Kubu oposisi dinilai wajib dijatah kursi pimpinan MPR

Jangan sampai ada kekuatan politik yang tidak terwakili dalam komposisi pimpinan MPR RI.

Pakar Hukum Tata Negara Refly Harun, Ketua Fraksi Golkar Agun Gunanjar Sudarsa, Ketua DPP Partai Golkar Andi Sinulingga, Direktur Eksekutif Lembaga Survei Indikator Burhanudin Muhtadi, dan mantan Ketua Mahkamah Konstitusi Hamdan Zoelva, menyampaikan pandangannya dalam diskusi publik dengan tema Jalan Pasti Sistem Politik dan Pemilu di Indonesia, di Jakarta, Senin (5/8). /Antara Foto

Pengamat hukum tata negara Refly Harun berharap komposisi kursi pimpinan MPR didesain untuk mengakomodasi kubu oposisi. Menurut Refly, kader dari kubu oposisi harus diikutsertakan sebagai pimpinan MPR untuk mencegah ada kekuatan politik yang tidak terwakili. 

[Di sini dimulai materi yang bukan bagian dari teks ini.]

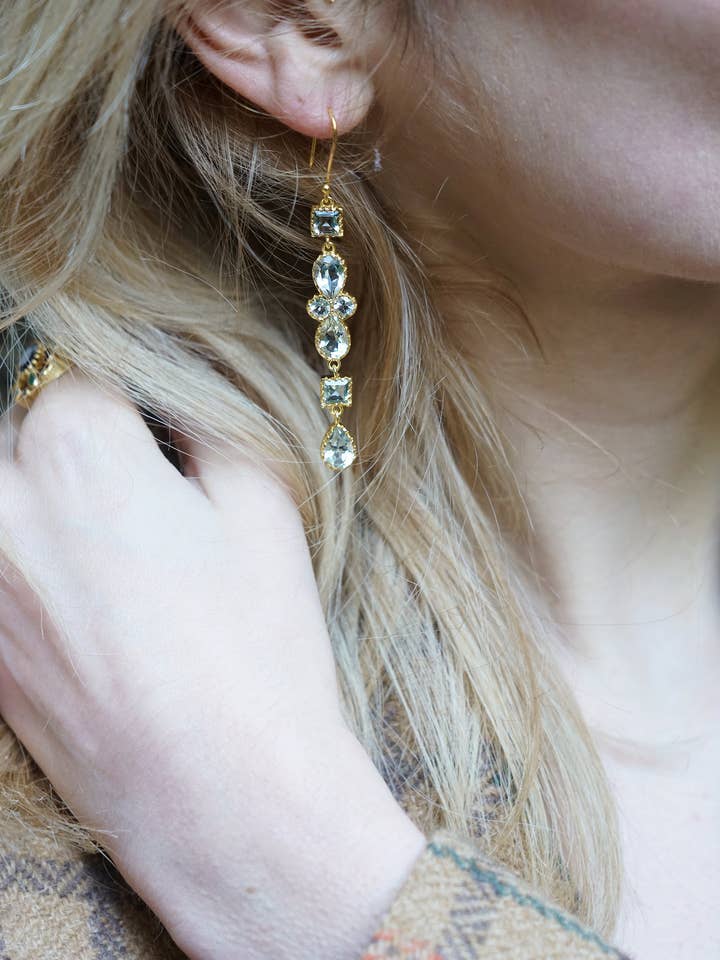 MAURYA GREEN AMETHYST EARRINGS for wholesale by DIAPERIS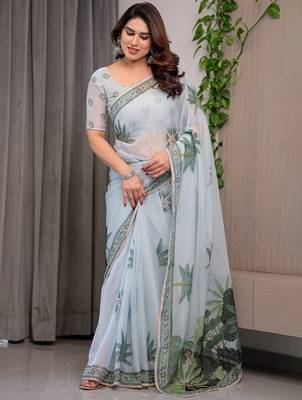 Multicolor border printed organza saree collection 2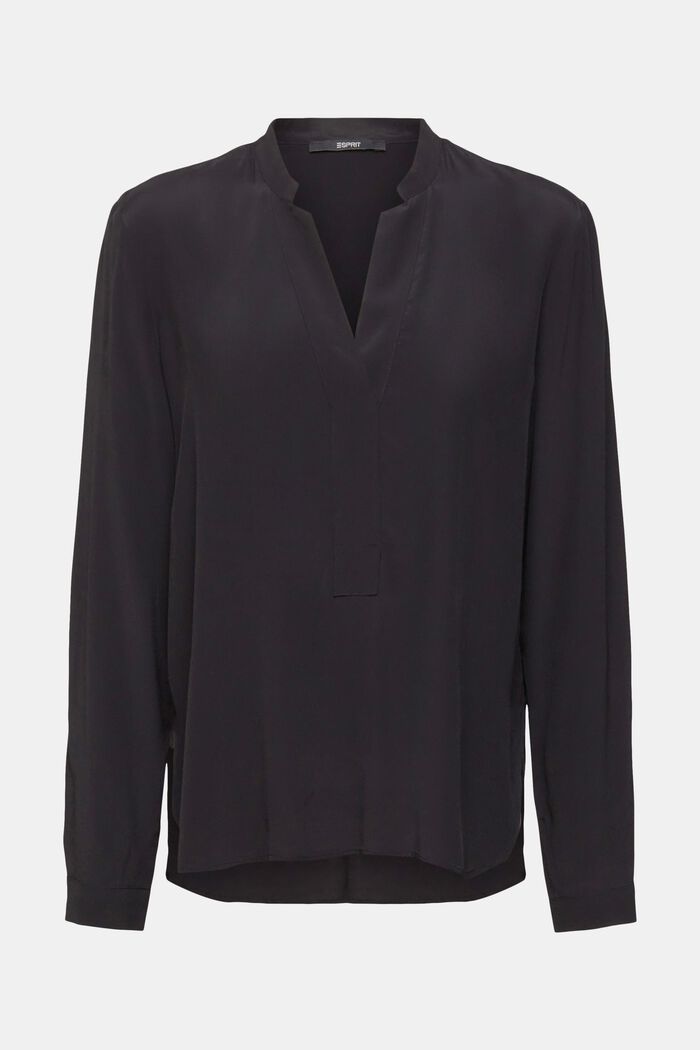 Blusa con cuello pico, LENZING™ ECOVERO™, BLACK, detail image number 5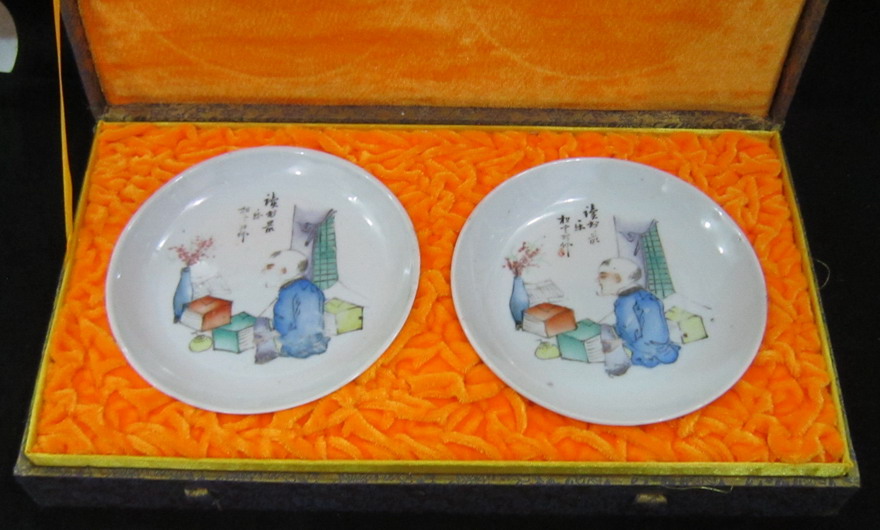 民国瓷器 松云轩号浅降彩人物纹 全品碗一对 古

"Tidak bisa (kursi pimpinan MPR) menggambarkan hanya satu mainstream partai politik saja. Harus ada dua-duanya. Misalnya, ada salah satu pimpinan dari kubu Jokowi, ya kubu Prabowo harus diajak juga. DPD juga diajak," ujar Refly kepada Alinea.id di kawasan Jakarta Selatan, Senin (5/8)

Merujuk pada Pasal 15 Undang-Undang Nomor 2 Tahun 2018 tentang MPR, DPR, DPD, dan DPRD (UU MD3), Ketua MPR merupakan bagian dari pimpinan MPR yang didampingi tujuh Wakil Ketua MPR. Namun demikian, saat ini bergulir wacana jumlah kursi pimpinan MPR bakal 'disunat'.

Meskipun berkurang, menurut Refly, komposisi yang mengakomodasi semua kubu masih bisa direalisasikan. "Setelah unsur terwakili semua, termasuk DPD, maka dipilihlah ketuanya. Pilih yang vote yang terbanyak. Siapa yang kepilih paling banyak, ya sudah jadi ketua dan yang lain wakil-wakil ketua," kata dia. 

Pada kesempatan yang sama, ketua fraksi Golkar MPR RI, Agun Gunandjar Sudarsa berharap pimpinan MPR tidak dipilih lewat format paket. Menurut dia, semangat musyawarah harus dikedepankan dalam pemilihan kursi pimpinan MPR.